A partir de là, on peut se demander pourquoi d’autres
formations géologiques ont un succès différent, identifier les oiseaux comme
élément déterminant dans le succès des marécages, ou les parois calcaires dans
le tourisme d’aventure. Bref, construire une sémiotique qui dira que l’amateur
de grès rose d’Alsace sera content de le retrouver en Navarre, par exemple.
Mais c’est plus compliqué à faire que de compter les vues obtenues par une page
pour la catégorie des mâles de plus de cinquante ans.

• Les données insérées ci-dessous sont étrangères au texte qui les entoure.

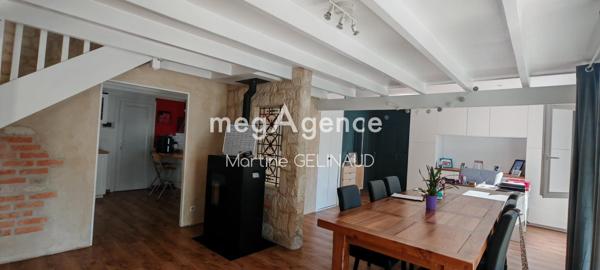 Maison à FONTCOUVERTE, 17100 - 6 pièces 134m²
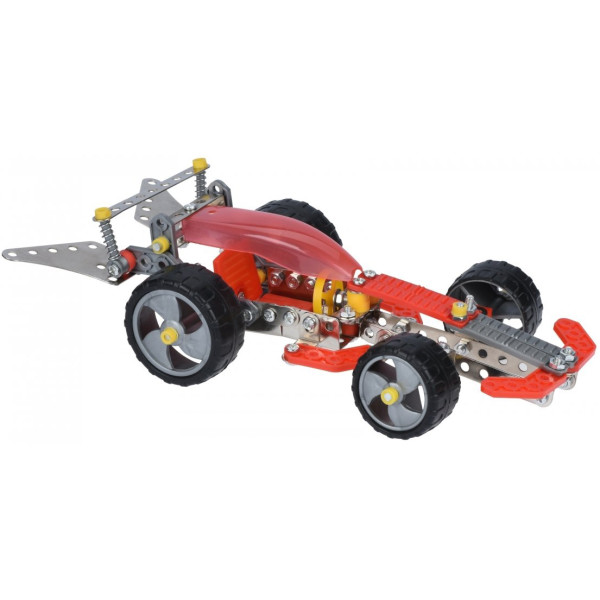 

Конструктор металлический Same Toy Inteligent DIY Model Болид 186 элементов (WC38DUt)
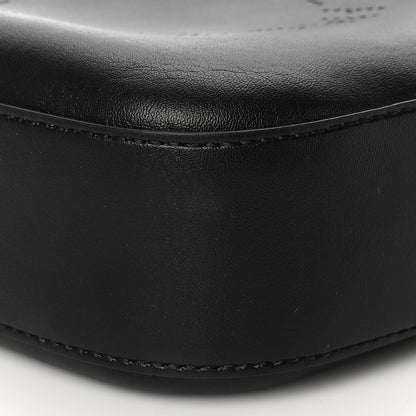 Stella McCartney Eco Alter Nappa Perforated Logo Mini Bag Black 9 of 13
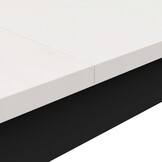Bartafel Wit Grenenhout Massief 60x60 cm - 35% Korting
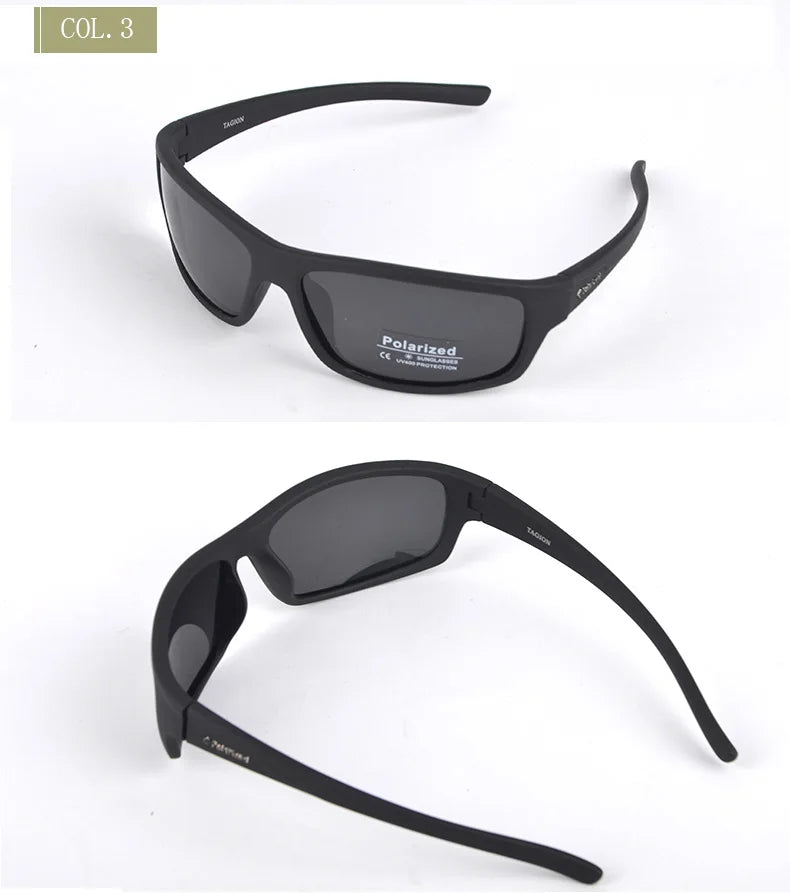 Sunglasses, Polarized, with UV400 Ultraviolet Protection, Anti-reflective Lenses, Various Colors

Harari embauche les neurosciences dans son analyse. Et il
est exact que le peu qu’on sait du fonctionnement cérébral laisse à penser que
la masse de données va être énorme. Sauf que…Lorsqu’un grand savant comme
Changeux travaille sur le cerveau, il commence par cibler les gens qui
utilisent leur cerveau. Pas les informaticiens, ni les financiers. Les
peintres, les écrivains, ceux qui créent, ceux qui n’ont que faire d’un
algorithme. Et il obtient des résultats intéressants, voir Raison et Plaisir.
Mais c’est vrai que Changeux est chiant. Il donne une
importance forte à la mémoire et à l’expérience. C’est la prime aux vieux et
ça, ça ne marche qu’en Asie. Ce qui serait une bonne raison d’accorder encore
plus de place à sa réflexion vu les résultats obtenus par les sociétés et les
pays d’Asie. Mais c’est vrai aussi que les Big Datas, c’est nouveau, c’est
moderne, c’est valorisant, ça n’a que faire de l’expérience dont le seul rôle
pourrait être de nier leur pertinence qui rend pertinents les salaires qui vont
avec.
Harari nous dit que le monde va se complexifier en
simplifiant et automatisant la pensée. Lui, l’historien, ne voit pas que
l’automatisation, c’est la négation de la pensée tout autant que la
simplification. Que de ces processus, il ne peut advenir que des dépenses sans
fond et un gain insignifiant. Et qu’il s’agit d’un sujet littéraire : on
pouvait penser que le capitalisme scierait la branche qui le supporte alors qu’il
bâtit le mur sur lequel il va se fracasser. C’est à une analyse métaphorique
qu’il faut se livrer.
Mais, dans tous les cas, ça va faire mal.